The thing about this piece, besides confirming what so many of us feel in so many ways, is that it while her points are specific to women – the sentiment can apply to almost any group that has not truly reached the parity which society superficially perceives them to have reached. Women, racial and ethnic minorities, the disabled, gays, lesbians, bisexuals, transgender people. Any and all people who face the death by 1,000 paper cuts of everyday injustices we are expected to just brush off because, hey, we’re all equal now.
But the thing is, we aren’t. We just aren’t. And we won’t be until we all realize this. Now, as a woman, a gay woman and a minority gay woman, these things naturally weigh heavily on my mind. Yet I in no way want to launch into an Otherness Olympics. It’s why I find it frustrating when people say things like, “Gay is the new black.” Because it isn’t. Black is still black. Gay is still gay. We both have a way to go and shouldn’t make a contest of equality. We should all just realize the dream lives on, and so does the struggle. So let’s work together and fix this shit.
The real enemy, or devil if we’re carrying forward the metaphor, is the assumption that we’re post anything. Post-feminist. Post-gay. Post-race. Post-gender.

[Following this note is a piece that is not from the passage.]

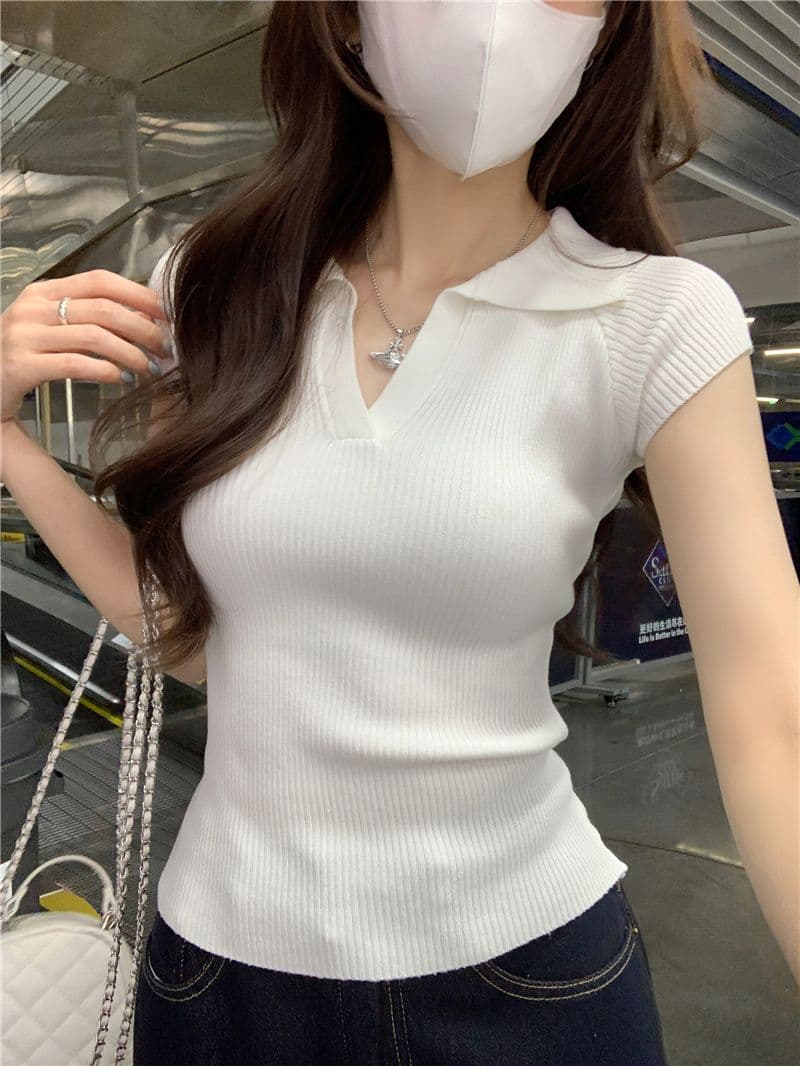 POLO 칼라 작은 날다 소매 반팔 티셔츠 여성 여름 작은 키 몸매 가꾸기 하이웨이스트 쇼트 스타일 V넥 켜기 이미지 3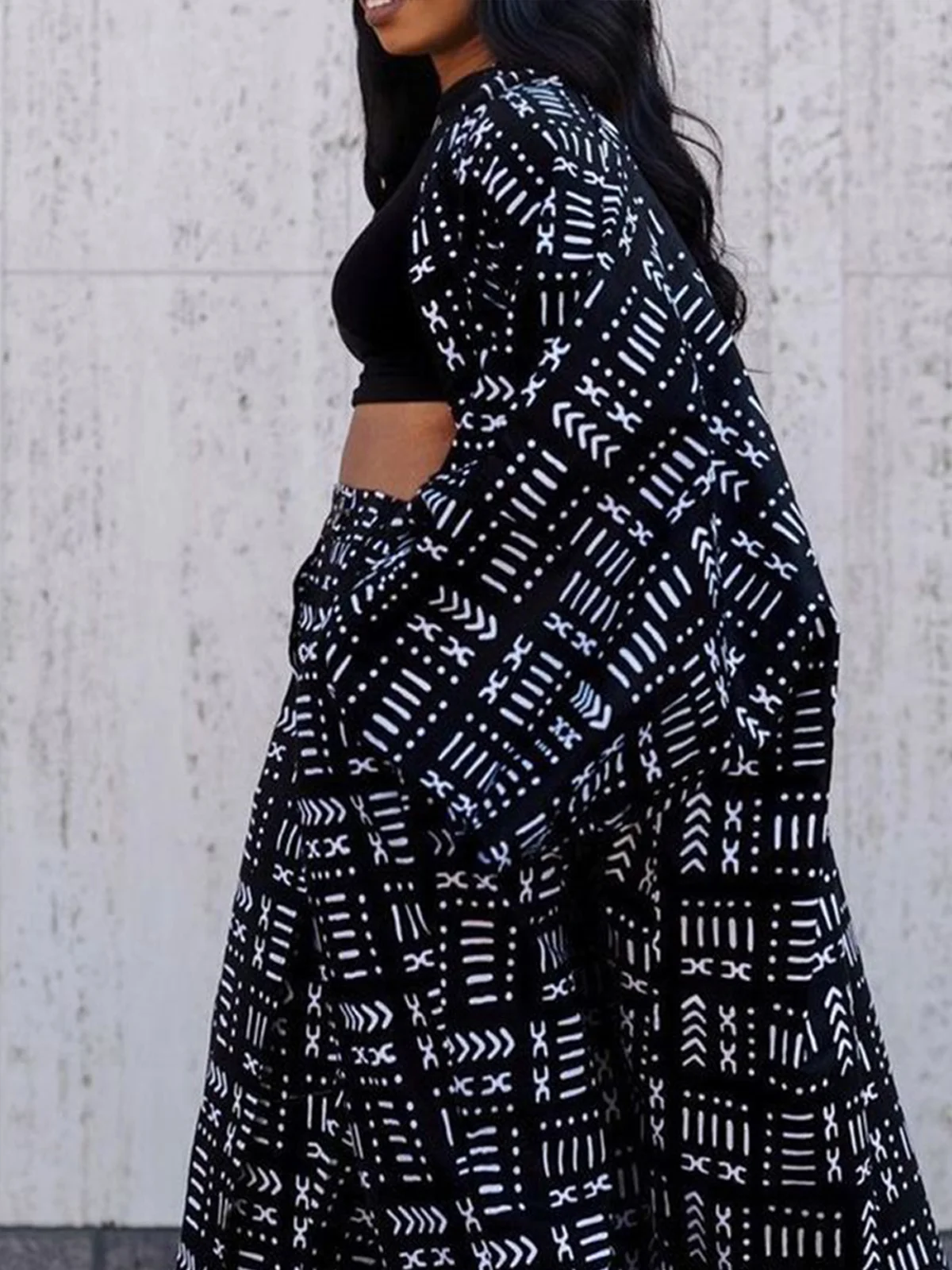 Urban Raglan Sleeve Geometric Kimono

This is not to say that you cannot aspire for a world where we are post those things or live your life in a way that negates the need for them. It just means as a society – whoooo doggy are we not there yet. We’re so not there that there are ridiculous songs like “Accidental Racist” released for real by mainstream artists who should know way the fuck better. And the Out 50 Power List features only 11 queer women, four people of color and zero trans people. It’s why there were 73 shows on TV last season that employed either no women and/or no people of color as writers. Why a National Medal of Technology and Innovation winning female rocket scientist can have her New York Times obituary lead with talk about her beef stroganoff and being a good wife.
So when people say, “oh, get over it” or, “oh, that’s unnecessary” or, “oh, stop making excuses,’ my blood boils. Because these complaints are nothing of the sort. It’s us demanding our right. Some things just make sense. When you’re hungry, you think about food. When you’re tired, you think about sleep. When you’re underrepresented, you think a lot about representation. You think about it because it matters to you. And you want to be represented fairly. Conversely, it is the inherent privilege of the majority to not have to think about the experience of the minority. But just because it’s your privilege doesn’t make it right.
In a world where everyone expects us to be post everything, it takes (non-gender specific) balls to stand up and call bullshit. One of the best lines of the piece is this, and it can be applied to any and all –isms and –phobias and still hold sadly true:
“This is what sexism does best: it makes you feel crazy for desiring parity and hopeless about ever achieving it.”We are not crazy. We are not unworthy. We are not equal. But we sure as fuck will keep fighting until we are. Thanks for the pep talk, Deborah. Happy weekend, all.